> _Required work_
Please copy, exactly as they appear below, the lines from the one containing "Kat A. approaches" through the one containing "A beaded bracelet".

> _Excerpted data_
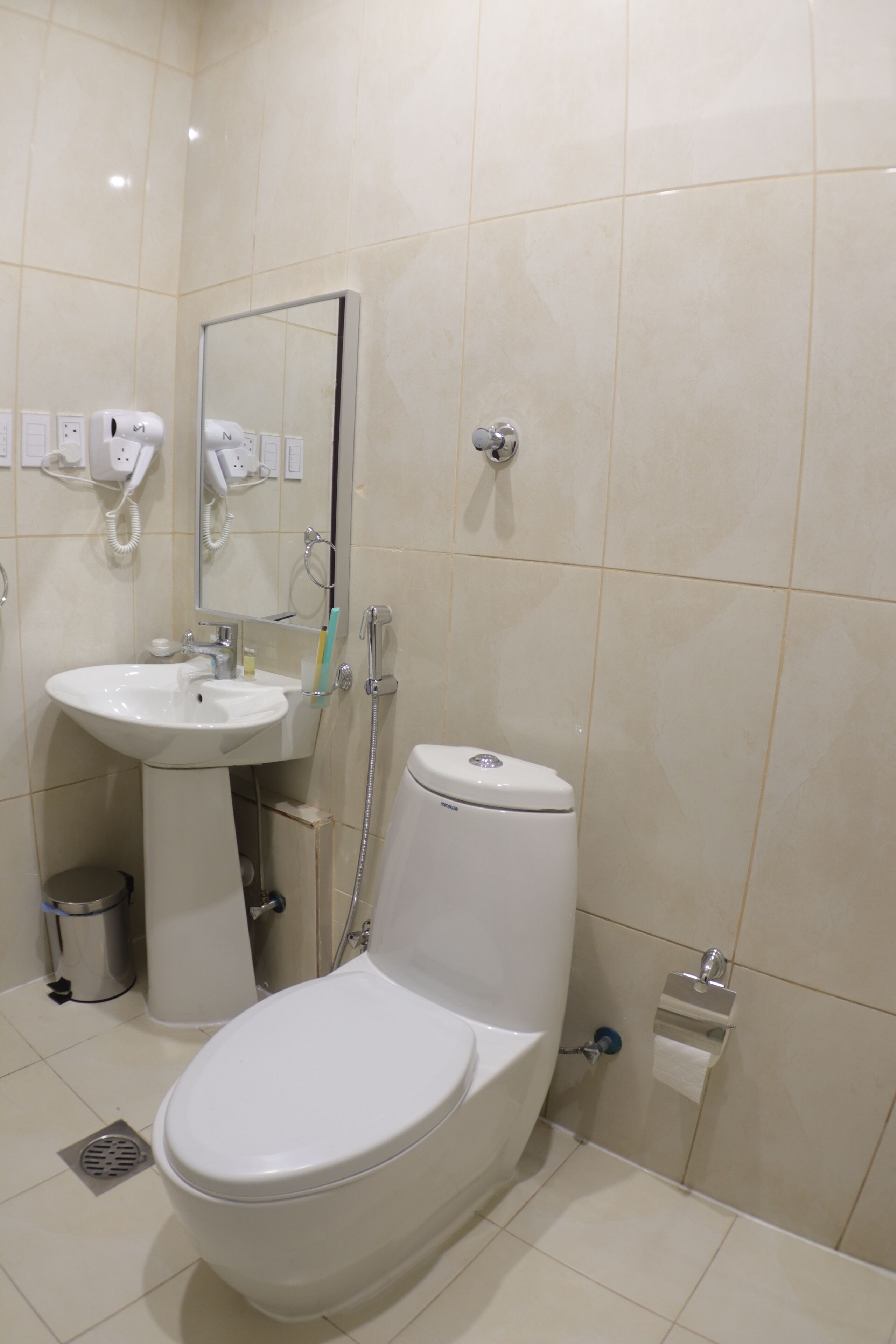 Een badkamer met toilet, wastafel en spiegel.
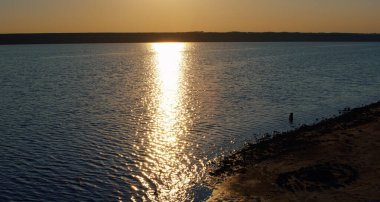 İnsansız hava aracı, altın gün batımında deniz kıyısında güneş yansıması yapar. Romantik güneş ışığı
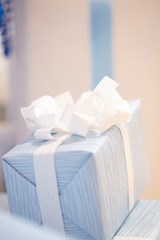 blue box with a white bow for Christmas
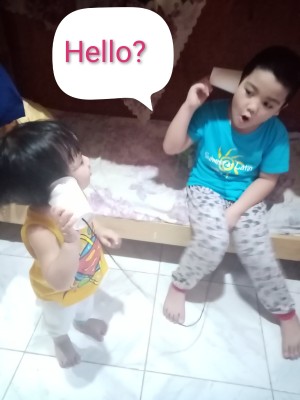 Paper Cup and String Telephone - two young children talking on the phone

...

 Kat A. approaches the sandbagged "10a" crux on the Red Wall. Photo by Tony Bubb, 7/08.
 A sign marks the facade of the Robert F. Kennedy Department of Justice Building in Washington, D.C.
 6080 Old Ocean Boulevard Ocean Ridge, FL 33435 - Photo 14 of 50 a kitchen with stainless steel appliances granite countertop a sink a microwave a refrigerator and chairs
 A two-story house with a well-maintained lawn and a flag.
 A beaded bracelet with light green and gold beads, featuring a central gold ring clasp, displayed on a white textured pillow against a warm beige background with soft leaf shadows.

> _Finished task_
 Kat A. approaches the sandbagged "10a" crux on the Red Wall. Photo by Tony Bubb, 7/08.
 A sign marks the facade of the Robert F. Kennedy Department of Justice Building in Washington, D.C.
 6080 Old Ocean Boulevard Ocean Ridge, FL 33435 - Photo 14 of 50 a kitchen with stainless steel appliances granite countertop a sink a microwave a refrigerator and chairs
 A two-story house with a well-maintained lawn and a flag.
 A beaded bracelet with light green and gold beads, featuring a central gold ring clasp, displayed on a white textured pillow against a warm beige background with soft leaf shadows.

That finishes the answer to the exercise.